Mother Teresa has left the bar.
After 42 years of pulling pints of brew and slinging libations around town, the indomitable force of nature that is Teresa Slevin — known to her faithful flock as Mother Teresa — is calling it a career as a barkeep. The Bishop St. McKibbins Irish Pub, where she has plied her trade since it first opened 26 years ago, will be paying her appropriate tribute Saturday evening.
“Maybe the Pope will even show up for the party,” Slevin cracks.
“Mother Teresa may be leaving the bar, but not the building,” says pub founder and owner Rick Fon, holding court at the bar with Slevin. “She has pledged to come in regularly and keep a constant eye on us from the other side of the bar, to make sure we don’t screw up. We need her presence. I don’t know what we could have done all these years without her.”
If you expect Slevin to get all misty-eyed after this declaration from Fon, you don’t know this Mother Teresa. She won’t stoop to sentiment.
“Why am I giving all this up? Because I’m an old lady. I’ll be 67 on Monday,” shoots back the no-nonsense Slevin.
Truth be told, that’s an awfully lame excuse. She has the vitality of someone half her age. And though she may tip the scales at about 100 pounds, she has the strength of a longshoreman, be it moving kegs or moving out the unruly.
“I like to think of myself more as a pain in the butt,” she says. “But nobody messes around under my watch. Not even the boss.”
Truth also be told, Slevin’s perpetual bark is far worse than her bite. Crusty, but ever lovable. She has been a mother figure to a few generations of college kids and scores of regulars who have descended upon McKibbins for their tipples.
“Now I’ve got that first generation coming back with their kids,” Slevin notes.
Though she left her native North Ireland burgh of Omagh for Montreal in 1981 to hook up with her sister Mary (a now deceased bartender), her distinctive brogue has thankfully stayed with her over the years.
She immediately landed a bartending job at Alexandre’s.
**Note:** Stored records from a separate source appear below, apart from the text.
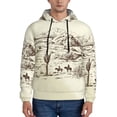 thumbnail image 1 of Rateoe Wild West Desert With Cowboys Pattern Mens Hoodie, Pullover Hooded Sweatshirt, Kangaroo Pocket Hoodie Ideal for Daily Wear, Travel and Home-Small, 1 of 7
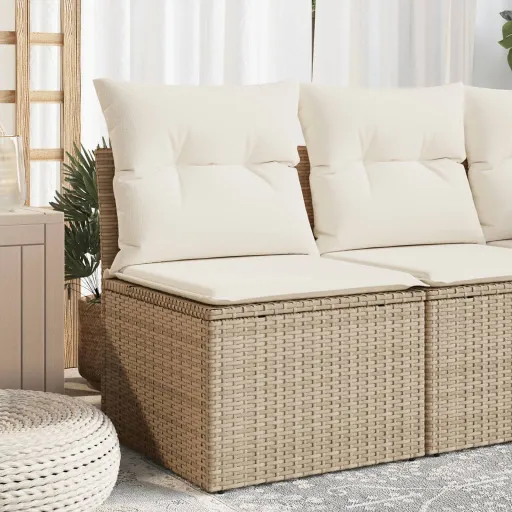 Silla de Jardín Sin Reposabrazos Con Cojines Ratán PE Beige
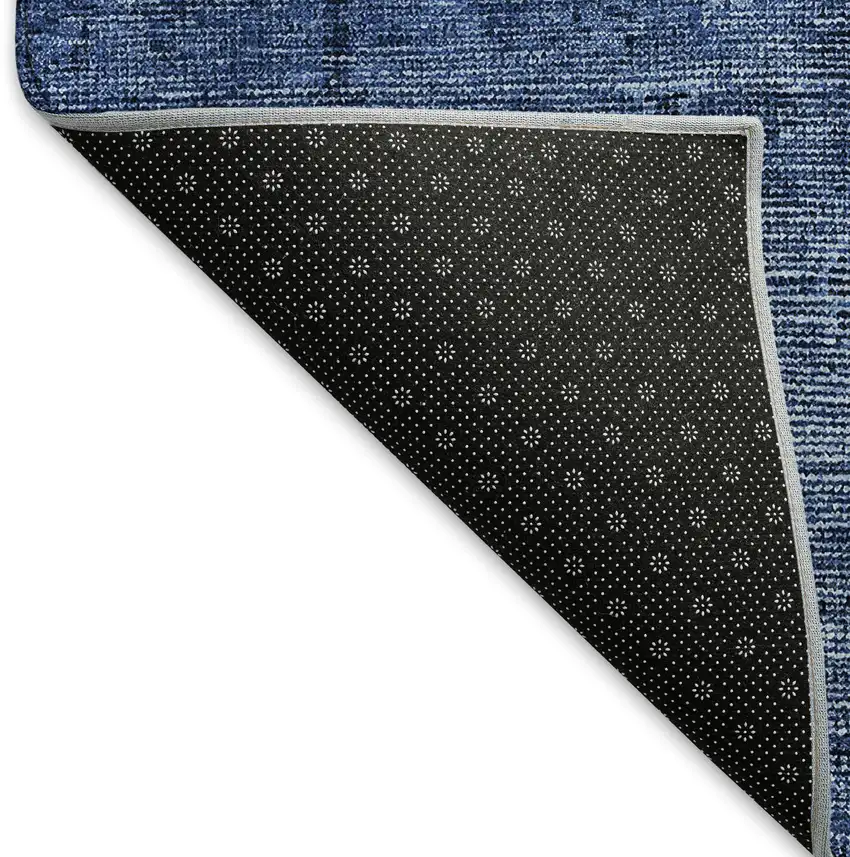 8' Navy Blue And Gray Southwestern Washable Round Rug With UV Protection Photo 6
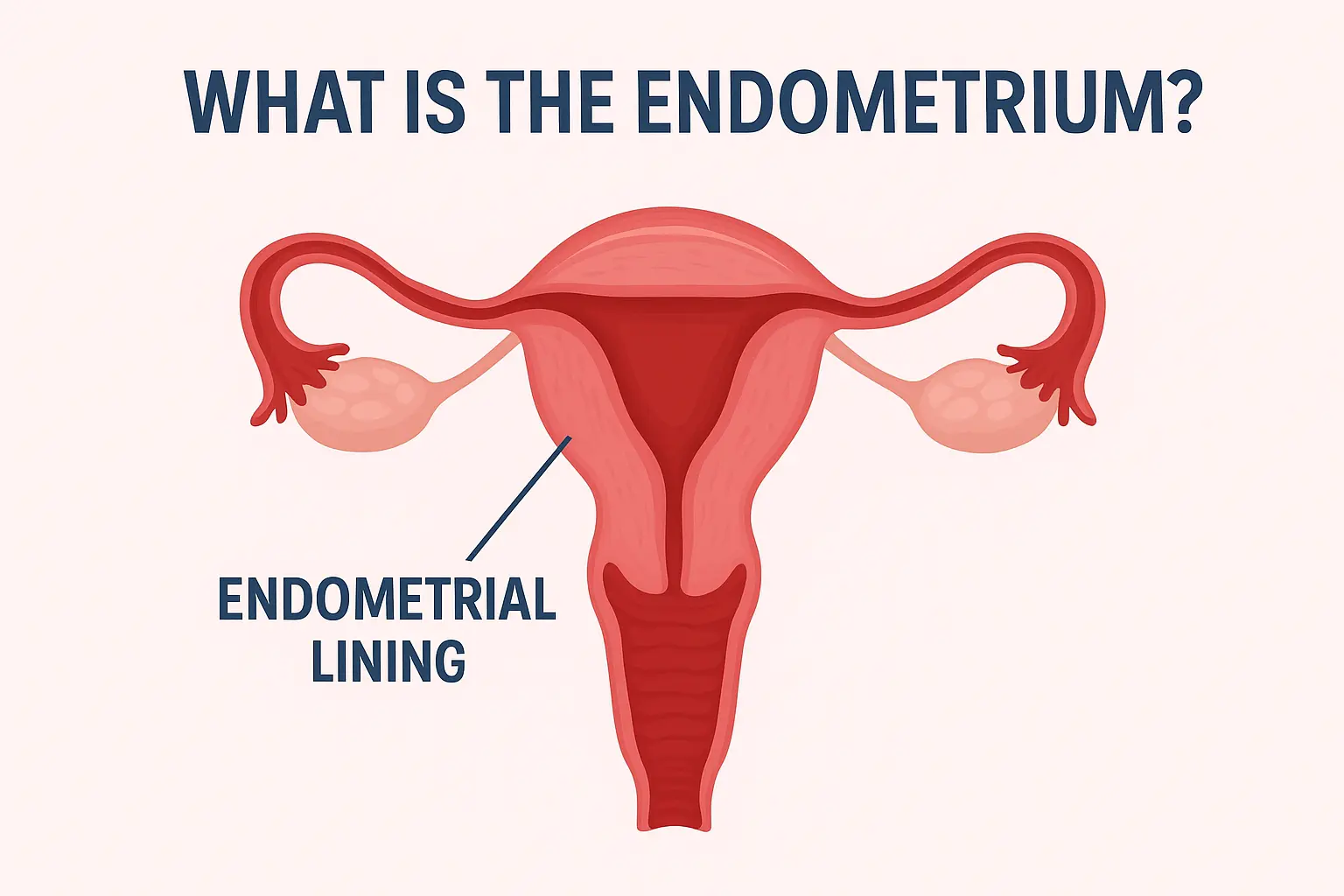 Medical diagram showing uterus and labeled endometrial lining — explanation of what the endometrium is.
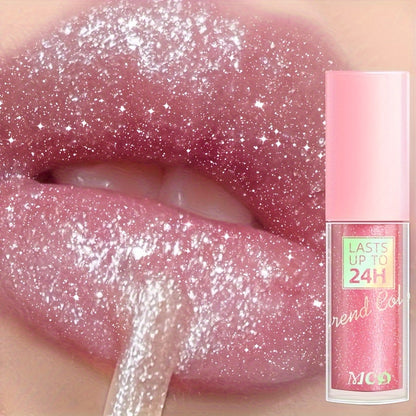 Glitter Lip Glaze Long Lasting Waterproof Liquid Lipstick Dewy Finish Lip Oil Lip Tint Moisturizing Lip Balm Highly Pigmented For Music Festival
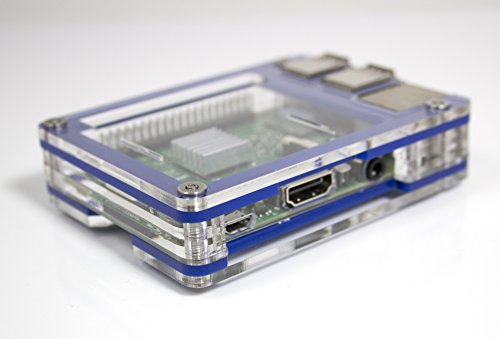 Zebra Case – Raspberry Pi 3B +, Pi 2, Pi B+ and 2B (True Blue) with Heatsinks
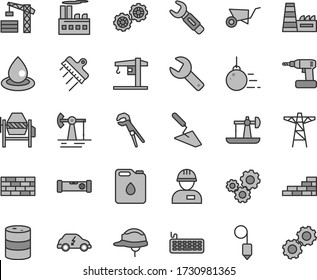 Thin line gray tint vector icon set - repair key vector, crane, tower, workman, brickwork, brick wall, big core, gears, building trolley, trowel, concrete mixer, adjustable wrench, cordless drill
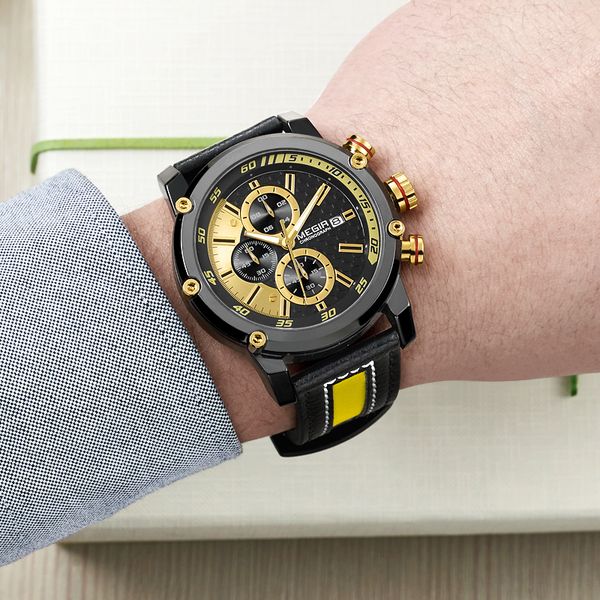 

brand megir men's creative fashion analog quartz wrist watch waterproof clock sports watches men relogio masculino, Slivery;brown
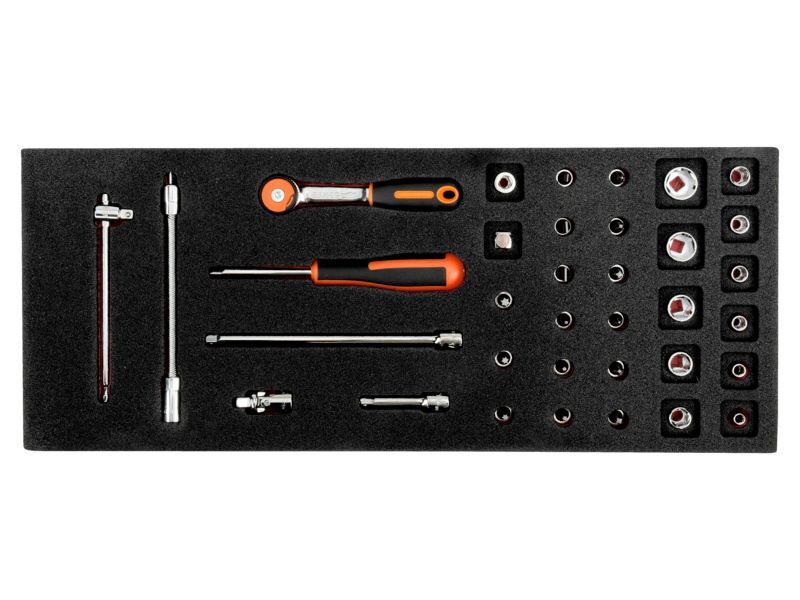 Produktbild Fit&Go 1/3 Einlage mit 1/4"-Steckschlüssel-Einsätzen und Knarren mit rundem Schl bild 2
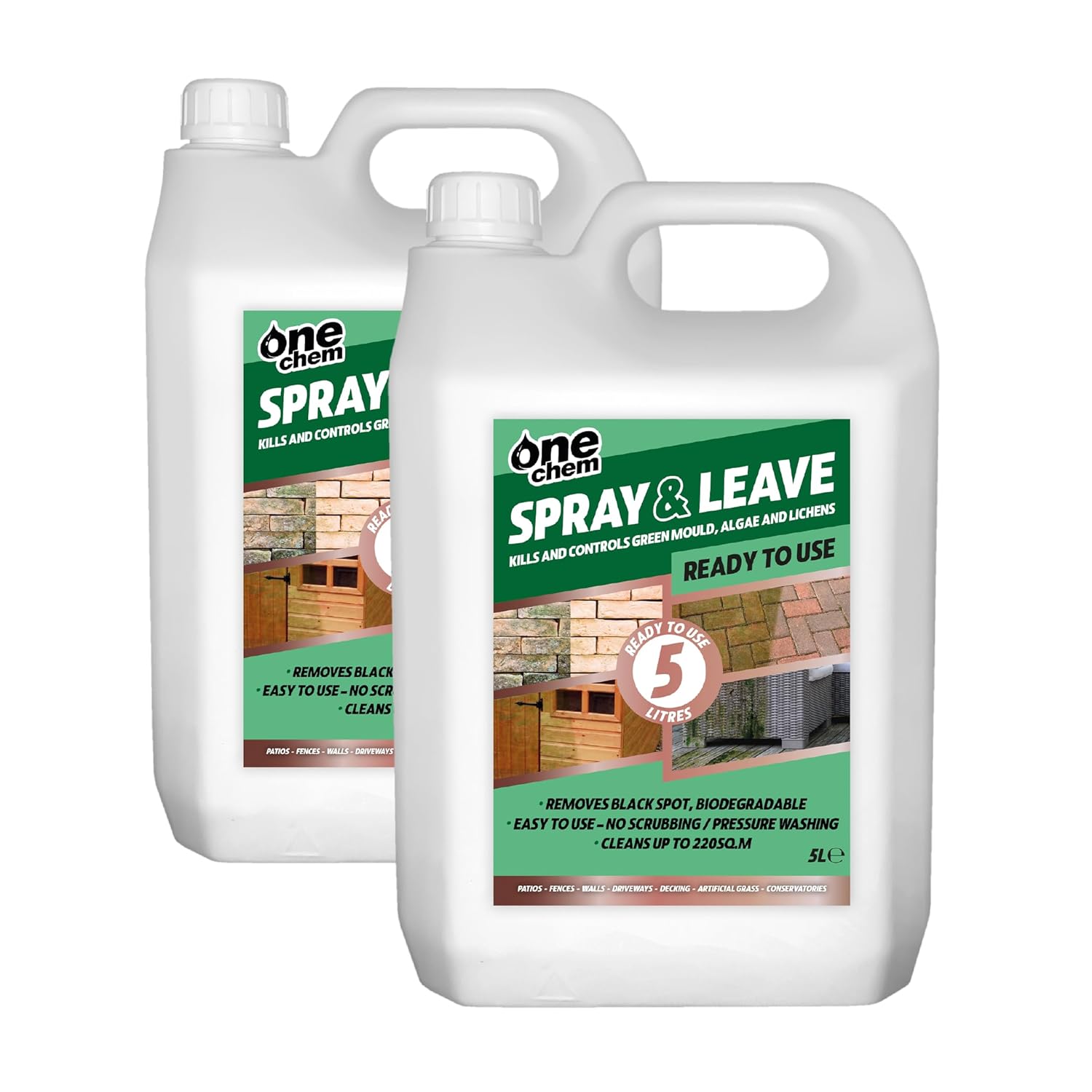 One Chem Spray and Leave 2 x 5 Litre Ready To Use, Green Algae and Mould Killer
“Everybody had to wear a short skirt and red lipstick,” she recalls. “Well, my legs are like two sticks. I wouldn’t wear a skirt, and red lipstick I don’t like.”
Regardless, she stayed there six years before moving to Winnie’s. And then it was on to McKibbins.
“It was the day we opened, Aug. 14, 1997,” Fon says. “I didn’t expect much of a crowd, but we got packed. It was nuts. I was behind the bar and not ready for what was to transpire. But Teresa, who I had just hired, stepped in behind the bar with me. That was the first time Mother Teresa saved us, but hardly the last time.”
Baptism by fire or not, Fon was to get the fortitude to open more McKibbins pubs on the Main and in Pointe-Claire, and he’s in the process of building another in the Dix30 mall in Brossard. There is also a McKibbins franchise in Vaudreuil.
“I truly feel if it weren’t for Teresa, we wouldn’t be where we are now,” Fon says. “When she started here, she was already a legend. She’s always been the face and heart of this location.”
“I’ll be the overseer now,” Slevin says. “It’s time for the young guns to take over.”
She has tales to tell about her service, but, not surprisingly, prefers to talk about those she has tossed out of the pub.
“These two American Navy guys came in and were really acting up and being real jerks,” she remembers. “So I physically grabbed them by their arms and threw them out. I got an applause from the bar.”
Longtime customer Deegan Stubbs has a fond Slevin moment to share: “U2’s Bono and The Edge apparently came in, and Teresa went: ‘Not U2 again!’”
A little clarification: It wasn’t actually them but two who could pass for them.
“But the real U2 guys did come in on a weekend when I wasn’t there, so I thought it could be them again,” Slevin says.
“Teresa always ruled the roost,” Stubbs attests. “If you were good, all was fine. But if you were in her bad books, you could remain there a long, long time.”
One of Slevin’s favourite customers was Bob Gainey.
“He was my main man,” Slevin recollects. “But when I first met him, I had no idea who he was. I asked him what he did for a living. He said he played hockey. So I bought him a beer, thinking this poor bastard probably doesn’t make any money.”
Slevin concedes she isn’t fussy about fashioning fancy cocktails. Although her Bloody Caesars rank among the best ever concocted, customers could expect to be pummelled with many expletives if they had the temerity to ask for a Cosmo or Long Island Iced Tea.
“This is a pub for heaven sakes. Order a pint! Go somewhere else for that kind of nonsense, I would say. Lychee martinis? Really!” snaps Slevin, whose favourite brew comes from – natch – a Guinness keg.
As for those who have requested her to make artful designs from the foam on top of their Guinness pints … let’s just say: if looks could kill.
“Good grief, no!” she howls. “That’s simply ungodly.”
There is a limit, after all, to what this Mother Teresa will do for her flock.